Dialogflow CX Testing: Unit, Integration, and Regression Strategies

Dialogflow CX Testing: Unit, Integration, and Regression Strategies

Dialogflow CX agents require testing at three levels: the built-in Test Cases console feature for conversation regression, Python client library for automated route and parameter testing, and Flask test client for webhook validation. This guide covers all three with production-ready examples.

Dialogflow CX introduced a significantly more structured approach to conversational agents than its ES predecessor — flows, pages, routes, and parameters give you explicit control over dialog management. But that structure also means more things can go wrong: a mis-configured route condition, a missing parameter extraction, or a broken webhook can silently degrade your agent's behavior. Here's how to build a test suite that catches those failures.
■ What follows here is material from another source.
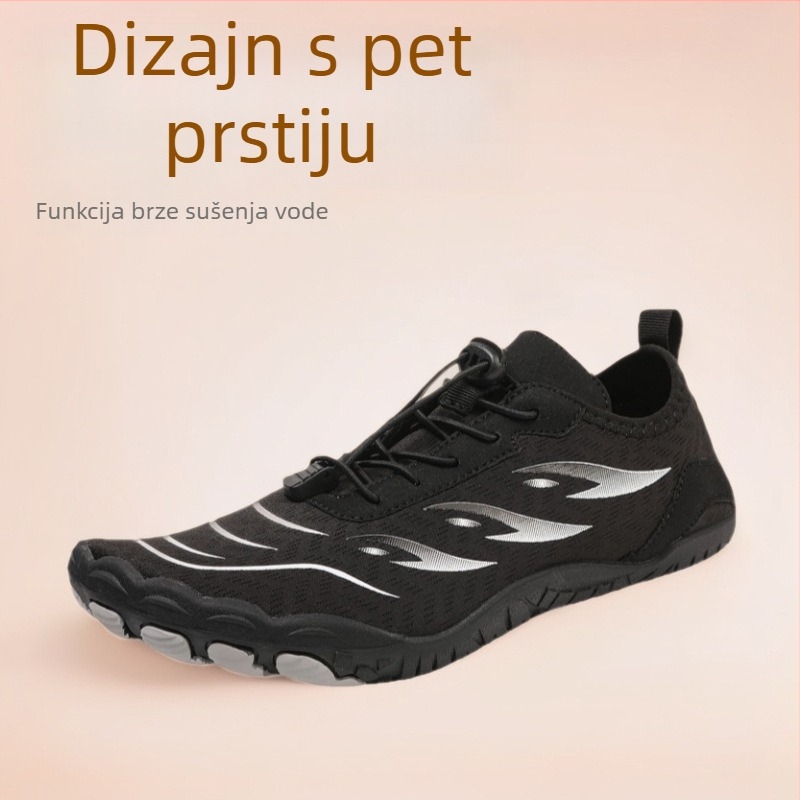 Vodene cipele za muškarce i žene, petoprst dizajn, mrežasti gornji dio, brzo sušeće, potplat od prirodne gume, niski vrh, za vodene sportove, plivanje i fitness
The CX Architecture You're Testing

Before diving into testing, it helps to be explicit about what CX components need coverage:

  • Flows — top-level conversation scopes (e.g., "Main Menu", "Booking", "Support")
  • Pages — states within a flow; each page has entry fulfillment, form parameters, and routes
  • Routes — transition conditions triggered by intent matches or condition expressions
  • Parameters — entities extracted from user utterances, with required/optional flags
  • Webhooks — HTTP callbacks for dynamic fulfillment
  • Session entities — runtime overrides to your entity types

Each of these is a test target. A complete test suite covers the happy path through each flow, parameter extraction accuracy, route transition logic, and webhook behavior under both success and failure conditions.

Built-In Test Cases in the Console

Dialogflow CX ships with a Test Cases feature accessible via the console or the API. Test cases record conversation transcripts (input utterances + expected responses) and can be replayed to detect regressions.
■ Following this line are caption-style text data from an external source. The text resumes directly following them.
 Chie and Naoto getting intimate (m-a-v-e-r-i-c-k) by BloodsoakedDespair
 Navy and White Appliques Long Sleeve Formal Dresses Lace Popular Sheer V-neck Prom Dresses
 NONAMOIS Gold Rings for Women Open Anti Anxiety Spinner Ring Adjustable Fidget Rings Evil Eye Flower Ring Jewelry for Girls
Create test cases programmatically using the Python client:

from google.cloud.dialogflowcx_v3 import TestCasesClient, TestCase, ConversationTurn
from google.cloud.dialogflowcx_v3.types import TestConfig, QueryInput, TextInput

client = TestCasesClient()
agent = "projects/my-project/locations/us-central1/agents/my-agent"

test_case = TestCase(
    display_name="Booking happy path",
    test_config=TestConfig(flow=f"{agent}/flows/booking-flow"),
    test_case_conversations=[
        ConversationTurn(
            user_input=ConversationTurn.UserInput(
                input=QueryInput(text=TextInput(text="I want to book a table"))
            ),
            virtual_agent_output=ConversationTurn.VirtualAgentOutput(
                session_parameters={"booking_intent": "create"},
                triggered_intent=f"{agent}/intents/book-table",
                current_page=f"{agent}/flows/booking-flow/pages/collect-date",
            ),
        ),
        ConversationTurn(
            user_input=ConversationTurn.UserInput(
                input=QueryInput(text=TextInput(text="Tomorrow at 7pm for two people"))
            ),
            virtual_agent_output=ConversationTurn.VirtualAgentOutput(
                session_parameters={
                    "date": "2026-05-18",
                    "time": "19:00",
                    "party_size": "2",
                },
                current_page=f"{agent}/flows/booking-flow/pages/confirm-booking",
            ),
        ),
    ],
)

response = client.create_test_case(parent=agent, test_case=test_case)
print(f"Created: {response.name}")

To run test cases programmatically and assert on results:

from google.cloud.dialogflowcx_v3 import TestCasesClient
from google.cloud.dialogflowcx_v3.types import TestResult

client = TestCasesClient()

operation = client.run_test_case(name=test_case_name)
result = operation.result(timeout=60)

assert result.test_result == TestResult.PASSED, (
    f"Test case failed: {result.name}\n"
    f"Differences: {result.differences}"
)

Page Transition Testing

The core logic of a CX agent is in its route conditions. Test that specific utterances trigger the correct page transitions:

import pytest
from google.cloud.dialogflowcx_v3 import SessionsClient
from google.cloud.dialogflowcx_v3.types import QueryInput, TextInput, DetectIntentRequest

@pytest.fixture(scope="session")
def sessions_client():
    return SessionsClient()

@pytest.fixture
def session_path(sessions_client):
    import uuid
    agent = "projects/my-project/locations/us-central1/agents/my-agent"
    session_id = str(uuid.uuid4())
    return f"{agent}/sessions/{session_id}"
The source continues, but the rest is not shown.